Yeruldelgger,
la trilogie mongole

Entretien avec Ian Manook 

Journaliste au Figaro et à Télé Magazine, bourlingueur  - ses premiers voyages l'emmènent en Islande, au Bélize, au Brésil -, Patrick Manoukian a l'écriture et le voyage dans le sang. Toutefois, et sans jamais renoncer à explorer le vaste monde, pendant trente ans il va se consacrer à l'édition jeunesse, chez Télé Guide. Rédacteur en chef, en plus d'un hebdomadaire, il adapte les titres dérivés des programmes télévisés. "Je traduisais des bandes dessinées comme Goldorak, Albator ou les Tortues Ninja. Parfois, je reprenais des papiers de journalistes dont la production ne me plaisait pas pour réécrire des interviews de n'importe qui, de Mylène Farmer aux auteurs de X-Files", confie-t-il.
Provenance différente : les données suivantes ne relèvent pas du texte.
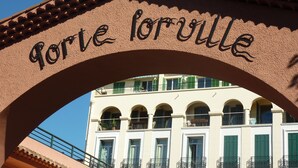 Une arche surmontée de l’inscription « Gorge Forville », au-dessus d’un immeuble doté de nombreux balcons et fenêtres.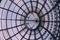Bottom view to geometric glass ornate round roof of Galleria Vittorio Emanuele II,Milan,Italy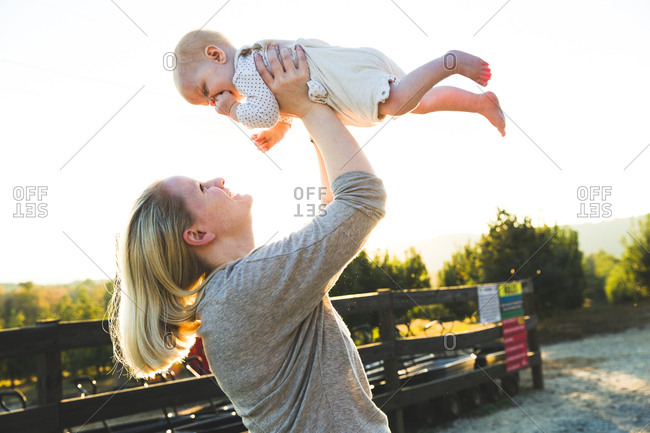 Woman lifting baby in the air outside on a sunny day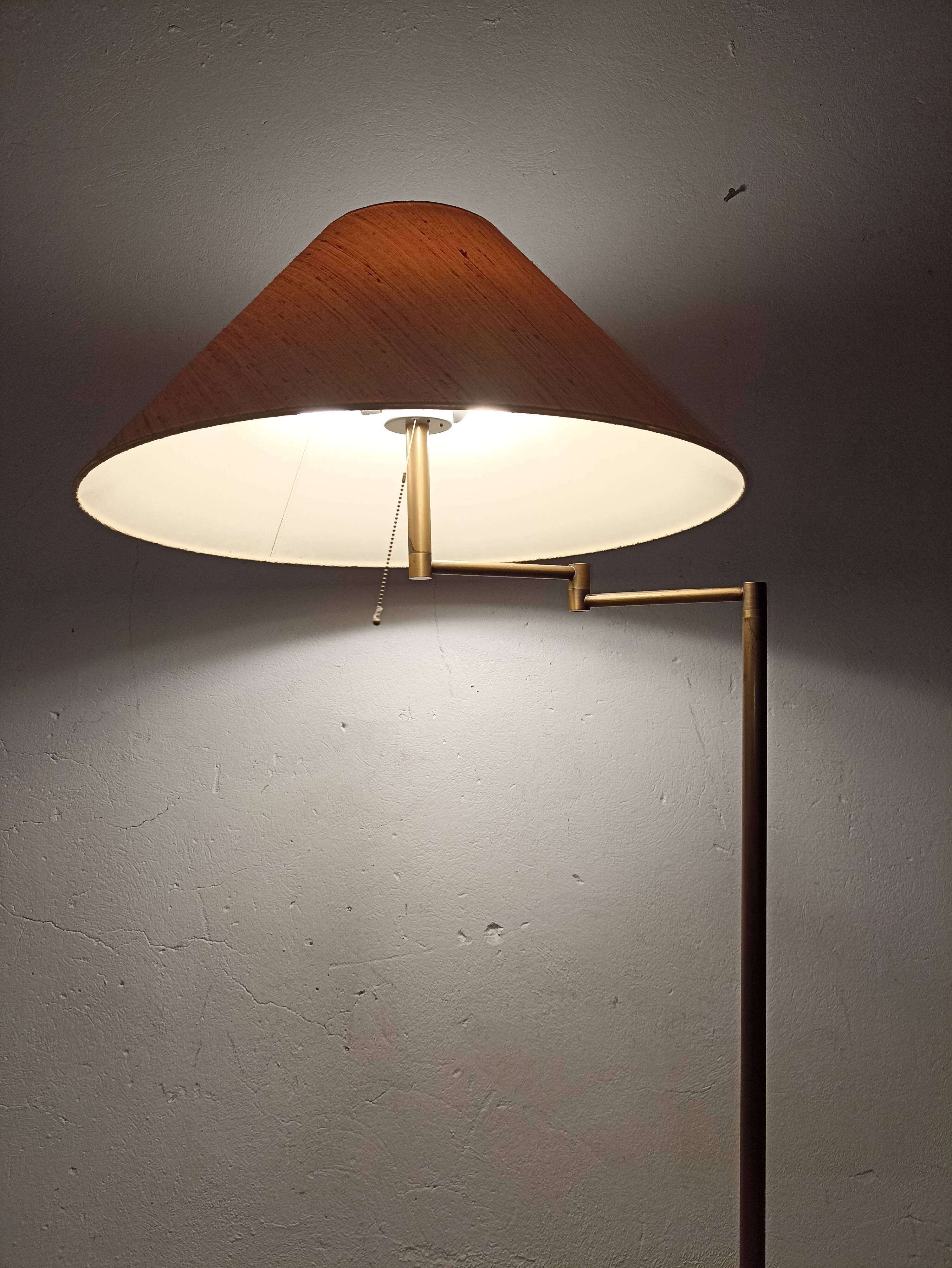 Brass articulated floor lamp
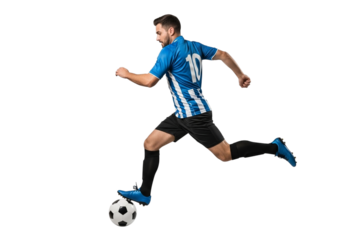 Soccer player in blue jersey kicking a soccer ball isolated on transparent background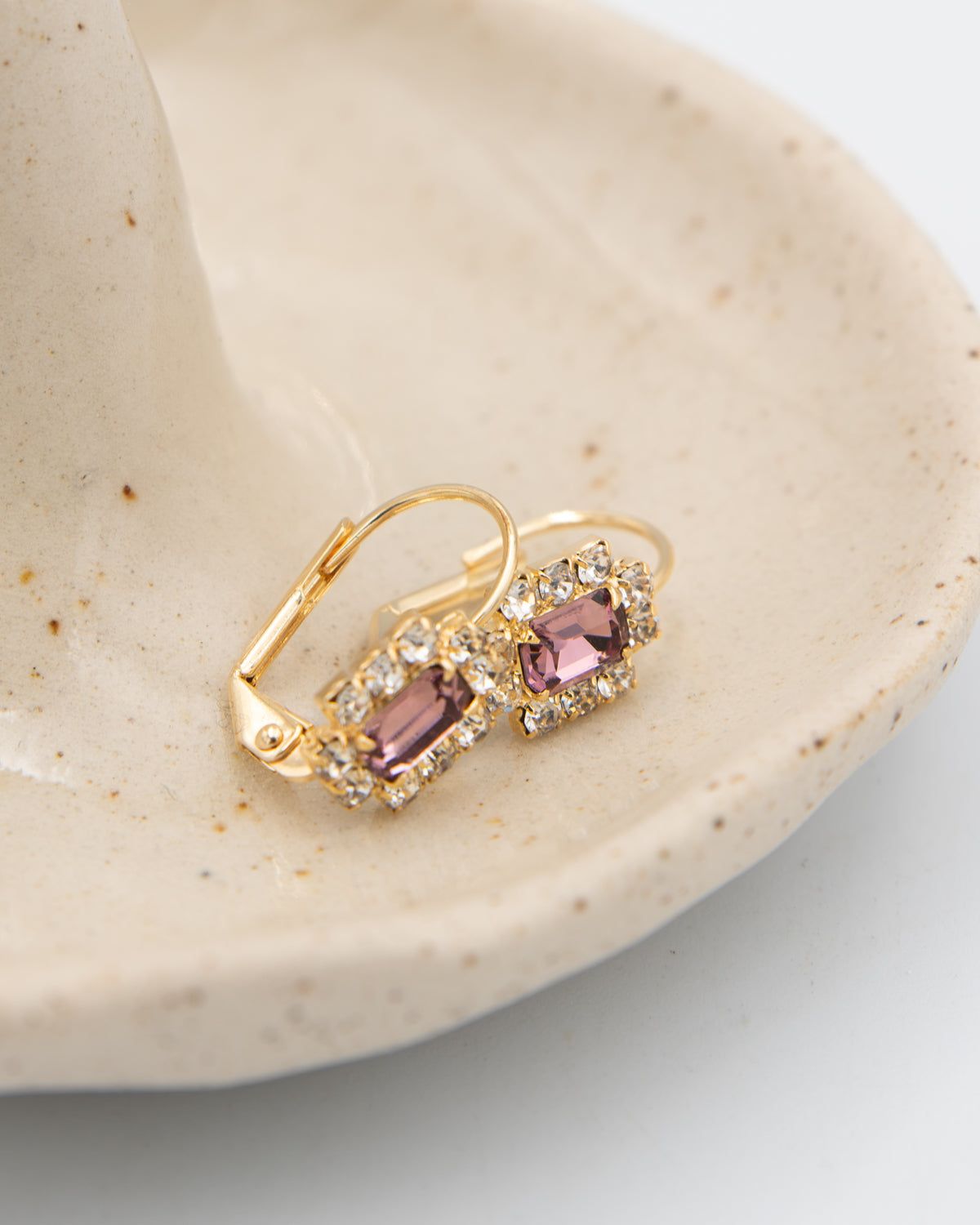 Stone Cooper Violet Hour vintage leverback earrings with purple glass stones in a ceramic dish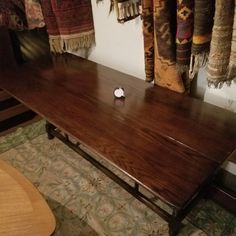 a wooden table with an apple on it in front of some rugs and curtains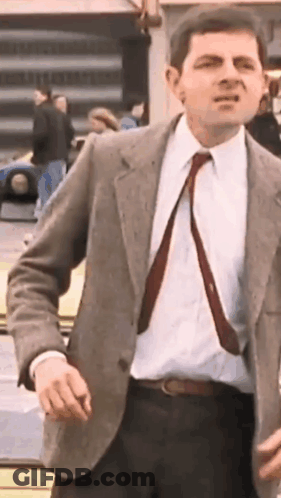 Man In Suit Standing Before Yellow Car GIF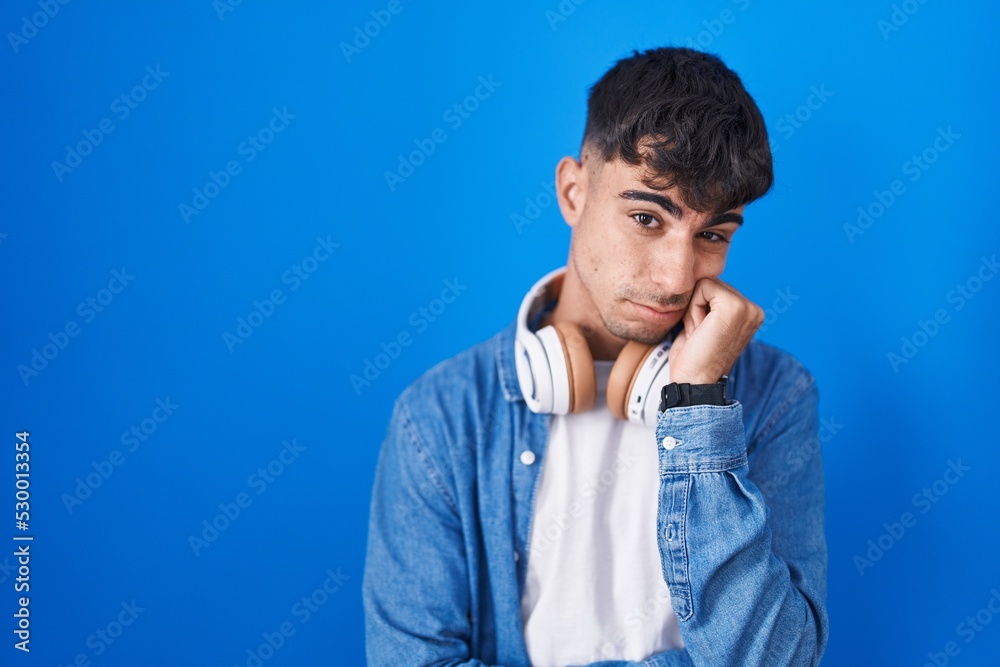 Young hispanic man standing over blue background thinking looking tired and bored with depression problems with crossed arms. Young hispanic man standing over blue background thinking looking tired and bored with depression problems with crossed arms.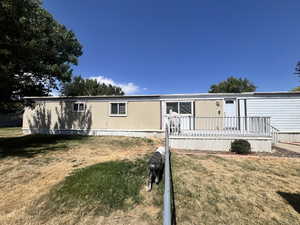 Manufactured / mobile home with a front yard and a deck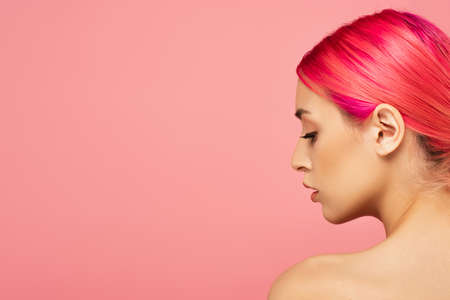 profile of pretty young woman with colorful hair and bare shoulder isolated on pinkの写真素材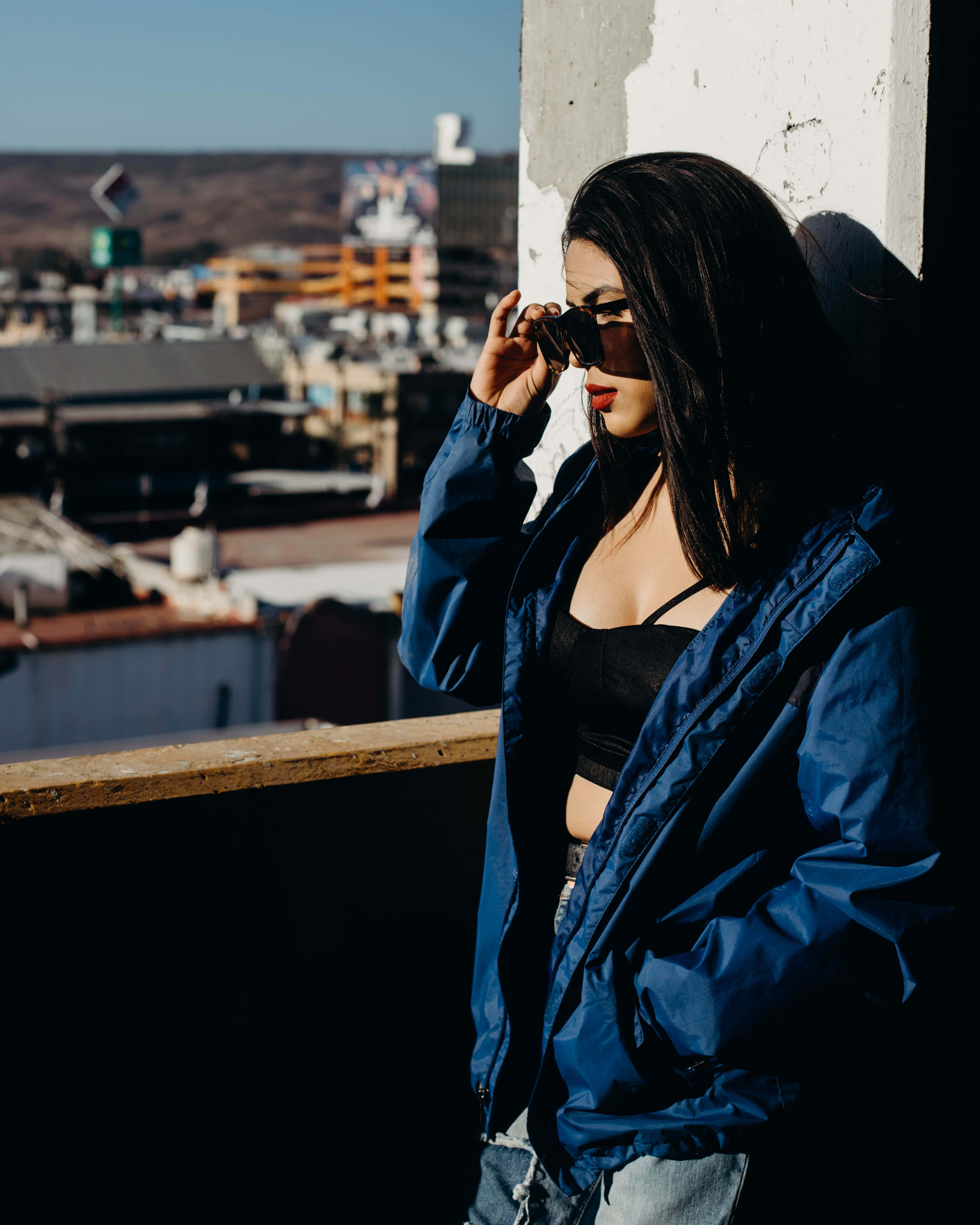 Navy Blue Jacket 桌布 壁紙 — 一位身穿藍色外套的女性靠在混凝土柱上調整太陽眼鏡，身處陽光普照的屋頂，俯瞰城市景觀。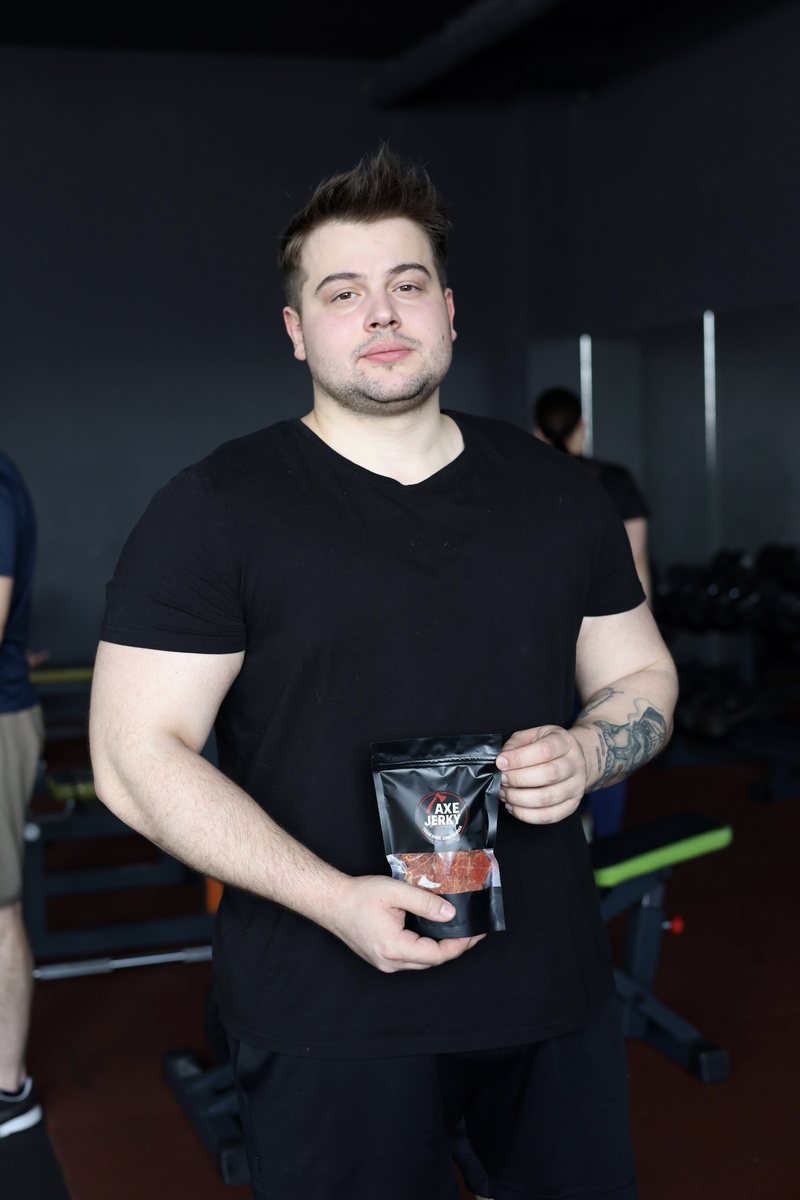Чоловік у спортзалі тримає пачку курячих джерків AXE Jerky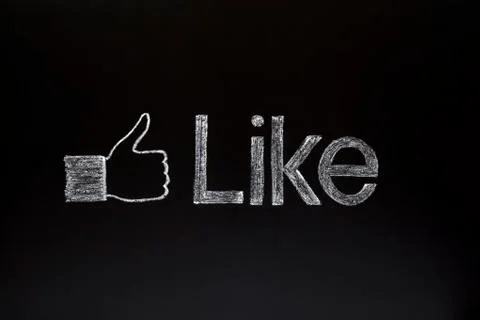 Thumbs up on blackboard Stock Photos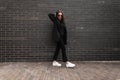 Fashion model young woman in trendy sunglasses in stylish casual youth clothes in white sneakers posing near vintage black brick Royalty Free Stock Photo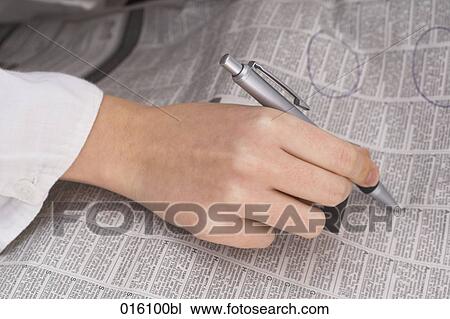 close-up of female hand holding pen marking classified ads View Large Photo Image Stock Image - close-up of female hand holding pen marking classified ads. Fotosearch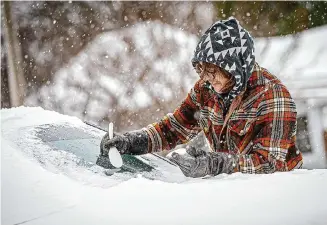  ?? Dan Busey/Associated Press ?? Daniel Cole uses a plastic spoon to clear ice from his vehicle Monday in downtown Florence, Ala. About 150 million Americans were under a wind chill warning or advisory.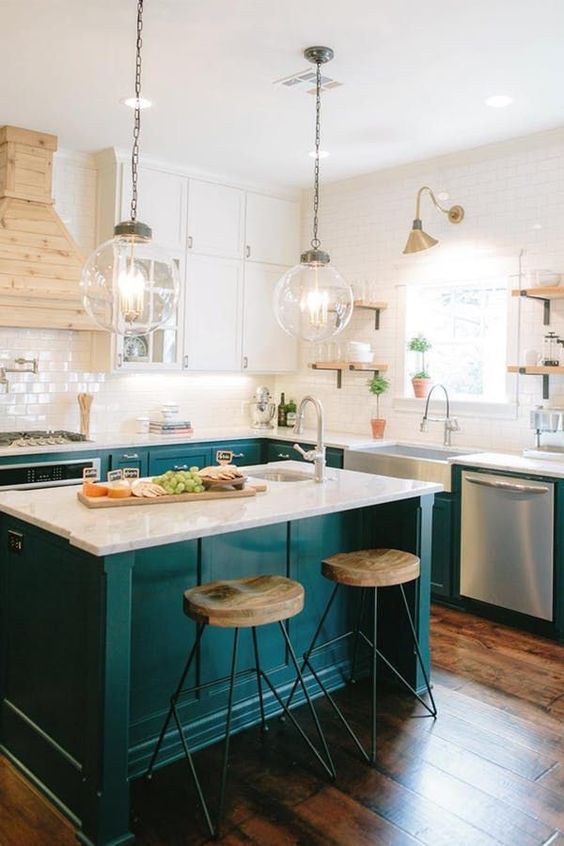 67 a welcoming farmhouse kitchen with white and emerald kitchen, a white subway tile backsplash and a wooden hood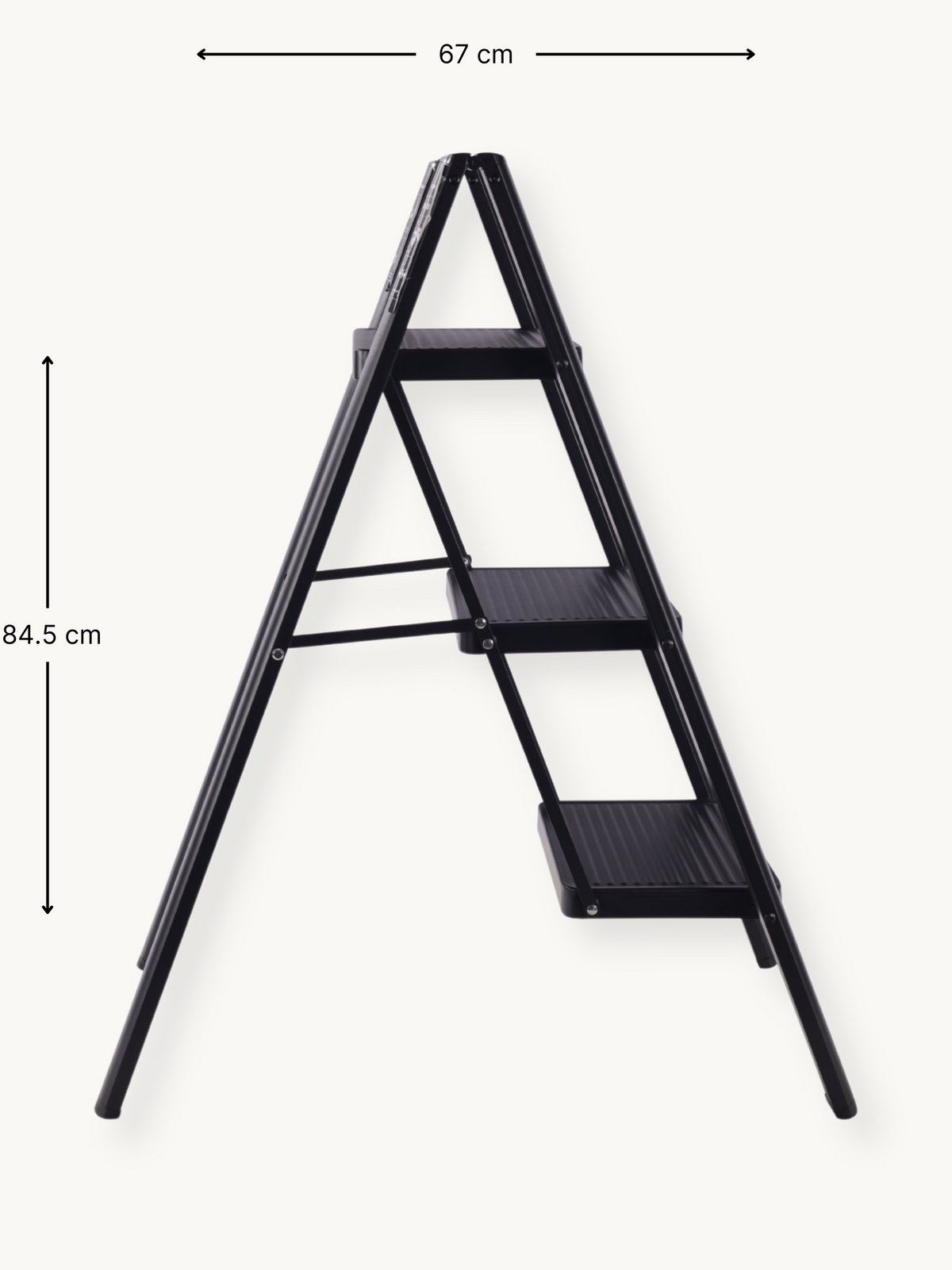 Black 3-step folding ladder angled side view with dimension annotations: 67 cm wide and 84.5 cm tall, white background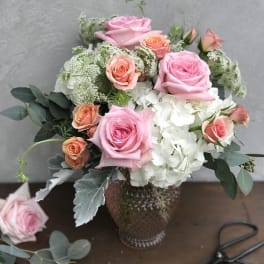 Pink and peach roses arranged with white hydrangea in a glass vase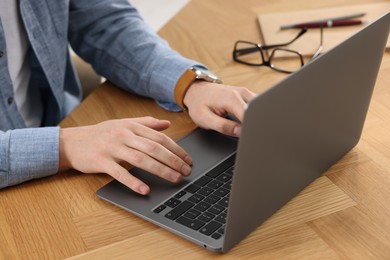 Photo of Man working on laptop at wooden desk, closeup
Résultat: la "machine à écrire " s'enraye et le goût des mots se fait plus fade.

Jusqu'à ce jour de 2008 où, à l'instigation de sa plus jeune fille, il prend le chemin de la Mongolie pour aller y constater, en famille, si l'argent versé au lointain "filleul" arrive bien à bon port. "Elle a commencé quand il avait quatre ans, il en a dix-huit maintenant", explique-t-il. "L'idée de nous rendre en Mongolie nous a semblé bonne parce qu'il y avait un vrai motif en plus d'un beau voyage. Nous avons donc fait un trip très particulier, nous ne sommes pas restés sur les axes touristiques, mais on est vraiment allés dans les villages en dehors des chemins balisés, là où sont regroupés les enfants qui font partie de ces programmes d'assistance."

Tombé sous le charme de paysages somptueux, curieux des traditions et "ouvert sur le monde comme devraient l'être tous les vrais voyageurs", Patrick Manoukian rentre en France avec, en germes, l'idée d'un livre. Il lui faudra quelques années encore pour le laisser maturer, avant qu'il se mette à l'écrire. Sous le pseudonyme de Ian Manook, Yeruldelgger sort chez Albin Michel en 2013. Un polar sombre, brutal parfois, mettant en scène un flic d'Oulan Bator convaincu que la tradition peut être une arme pour combattre le crime. Le succès ne se fait pas attendre et ravive, pour de bon chez son auteur, l'envie de renouer avec la littérature, la vraie. 

Trois ans plus tard, La mort nomade - toujours aux éditions Albin Michel - vient clore cette trilogie. A moins que... Entretien. 

En commençant le premier tome, vous connaissiez déjà la fin du troisième ?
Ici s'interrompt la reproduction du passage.